Captioned web image data
Start of Block
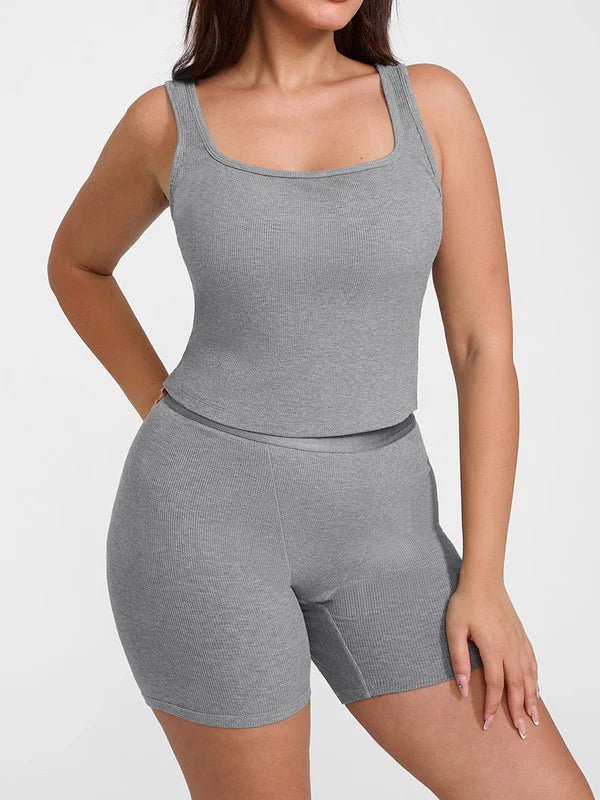 SoftRib Boxers - Sleek n Sheek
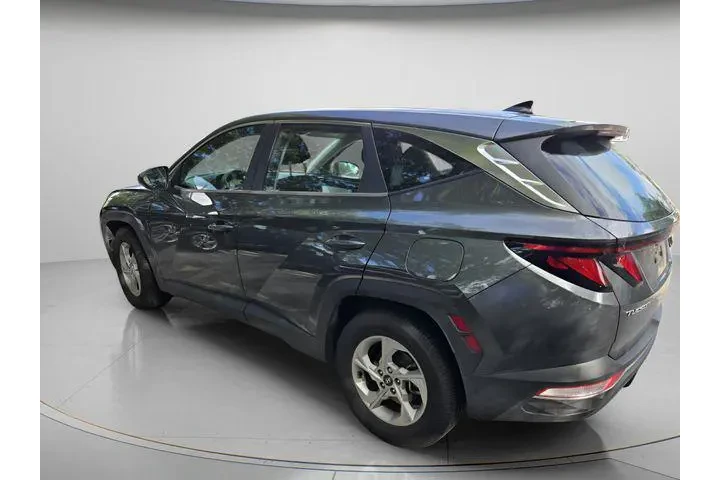 $14176 : Hyundai TUCSON 2022 SE 4dr S image 6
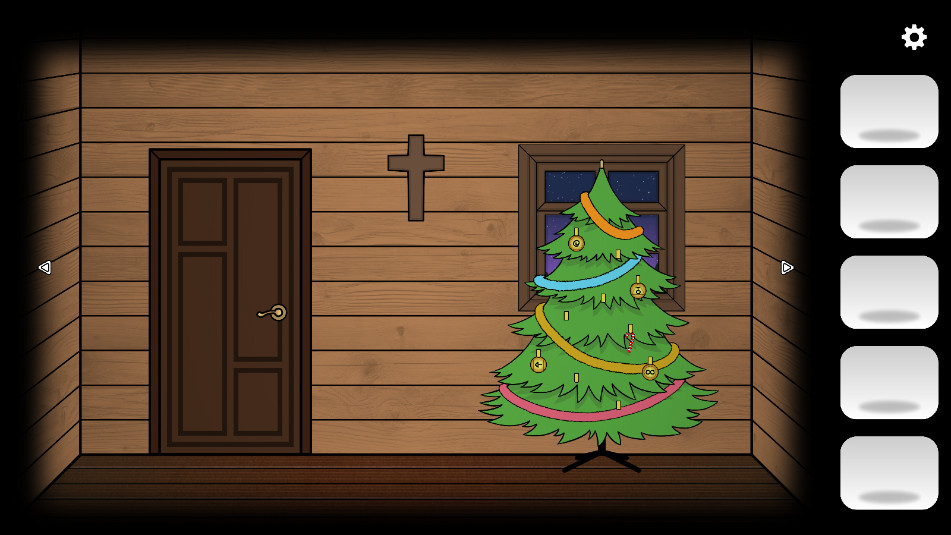 ���: ʥ����The Paradixion: Christmas��Ѱ��ͼ2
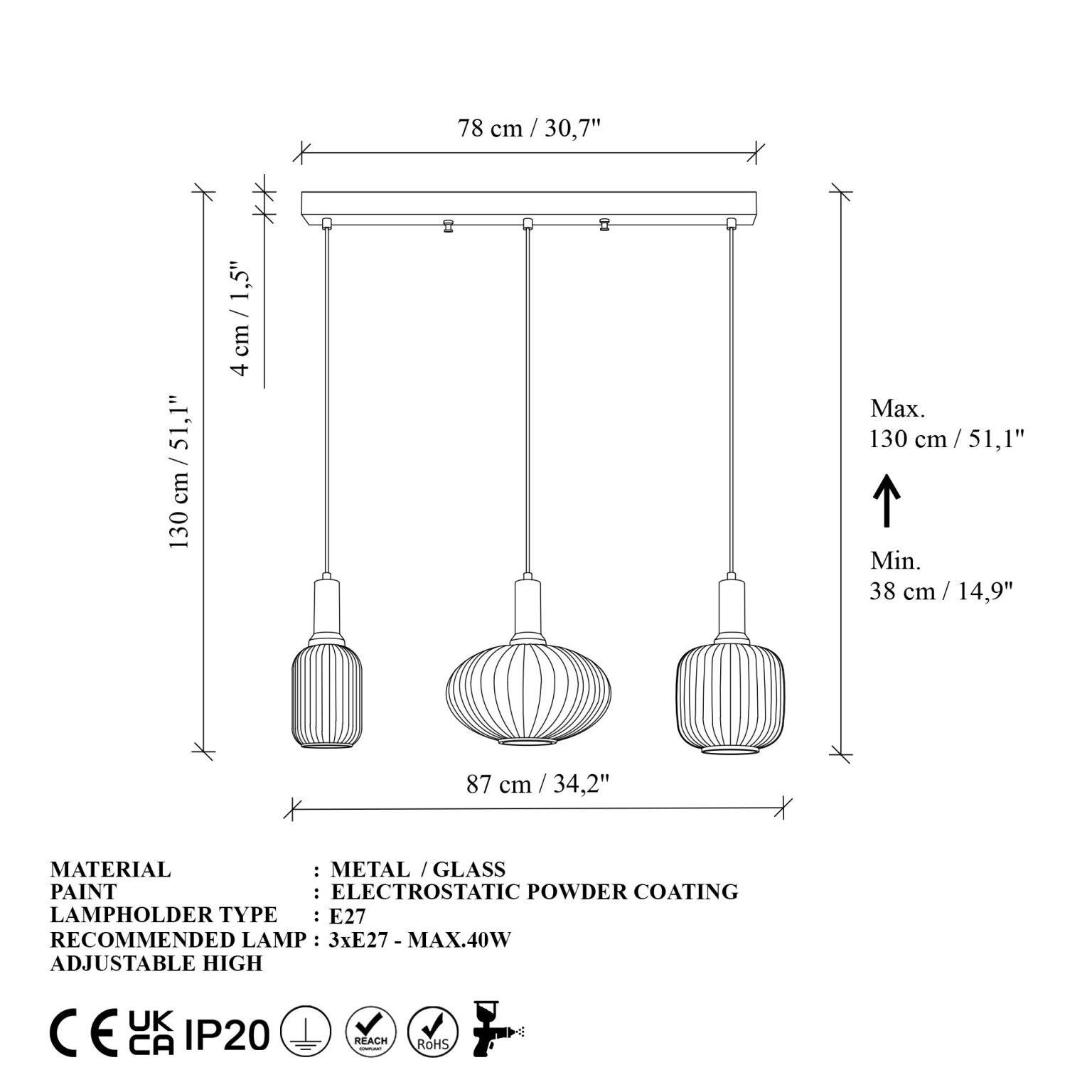 Asker - 15196 – Лустер - Image 5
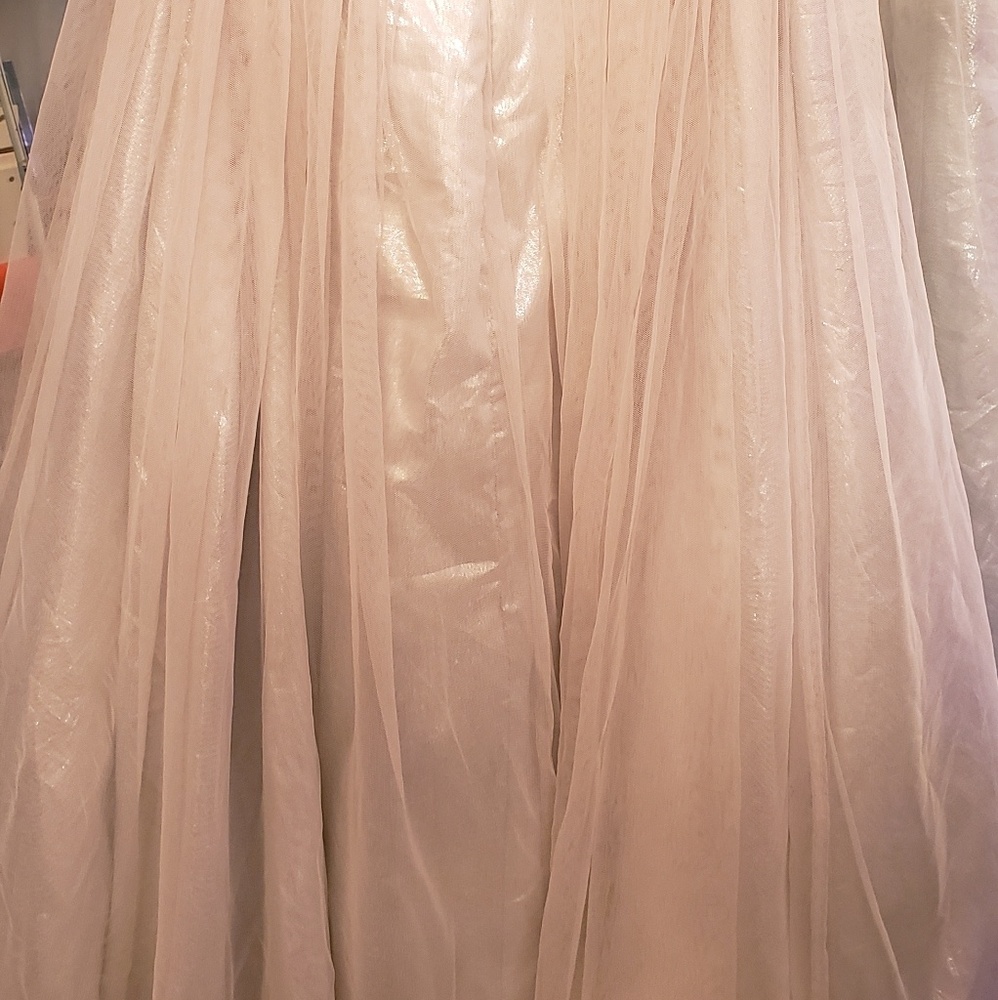 Asos Formal Skirt - Picture 5 of 9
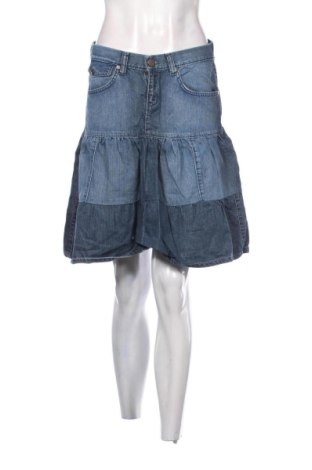 Fustă Unbranded, Mărime M, Culoare Albastru, Preț 127,13 Lei, #137308723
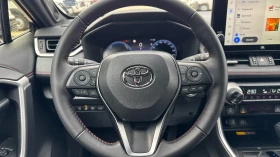 Toyota Rav4 2, 5 PHEV AWD - 49850 € / 97498.13 лв. - 56126453 12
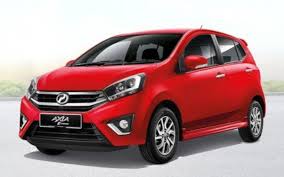 Pastikan pemandu yang melanggar kereta anda itu turut memberhentikan kenderaannya. Beli Produa Axia Dan Dapat Rm5000 Lepas Habis Bayar Loan Macam Mana Tu Pejuang Hartanah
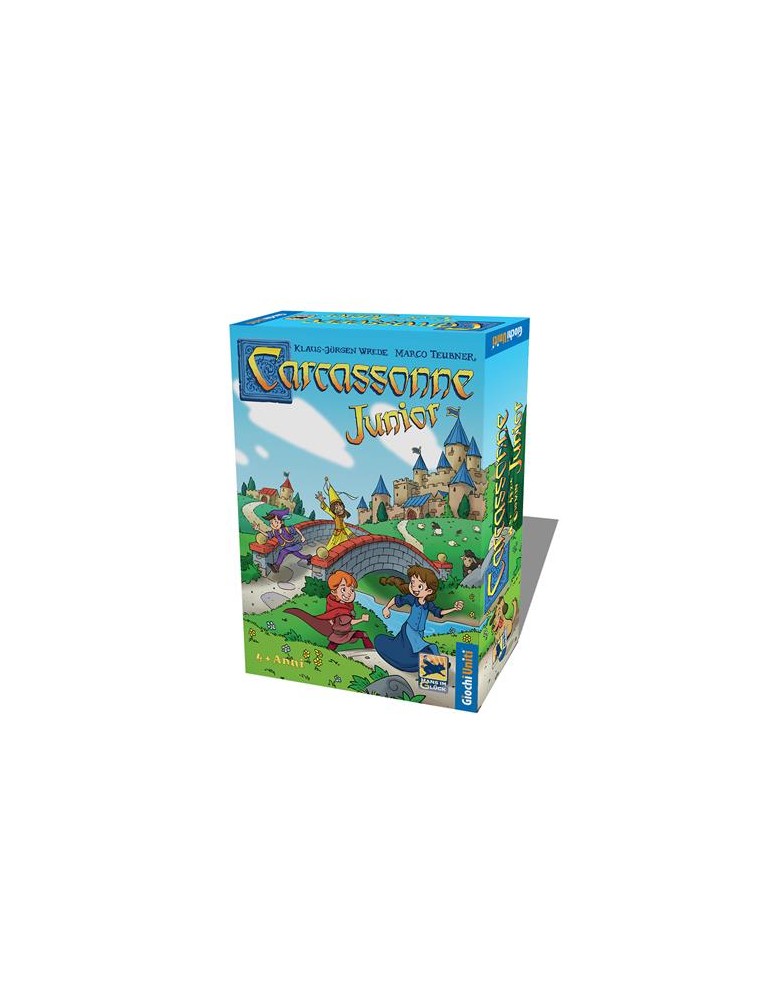 CARCASSONNE JUNIOR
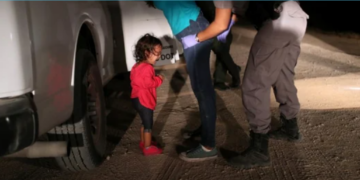 Panică în comunitatea de romi din Salonta . S-a răspândit zvonul că autoritățile le vor lua copiii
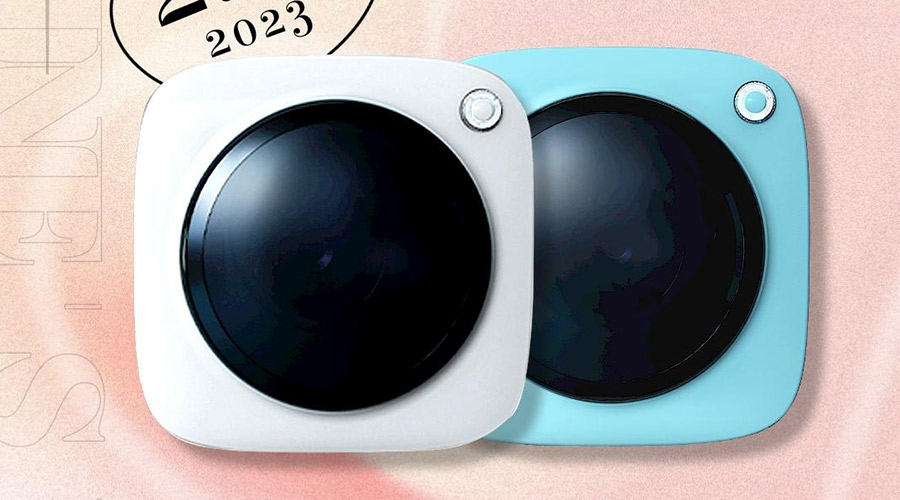 2.14情人節(jié)送禮選它！小型烘干機小家電助攻俘獲她芳心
End of Block
_EXERCISE OBJECTIVE_. Transcribe the data verbatim. No picture belongs in the result.

_RESPONSE TO THE EXERCISE_.
 SoftRib Boxers - Sleek n Sheek
 $14176 : Hyundai TUCSON 2022 SE 4dr S image 6
 ���: ʥ����The Paradixion: Christmas��Ѱ��ͼ2
 Asker - 15196 – Лустер - Image 5
 Asos Formal Skirt - Picture 5 of 9
 Fustă Unbranded, Mărime M, Culoare Albastru, Preț 127,13 Lei, #137308723
 Toyota Rav4 2, 5 PHEV AWD - 49850 € / 97498.13 лв. - 56126453 12
 Pastikan pemandu yang melanggar kereta anda itu turut memberhentikan kenderaannya. Beli Produa Axia Dan Dapat Rm5000 Lepas Habis Bayar Loan Macam Mana Tu Pejuang Hartanah
 CARCASSONNE JUNIOR
 Panică în comunitatea de romi din Salonta . S-a răspândit zvonul că autoritățile le vor lua copiii
 2.14情人節(jié)送禮選它！小型烘干機小家電助攻俘獲她芳心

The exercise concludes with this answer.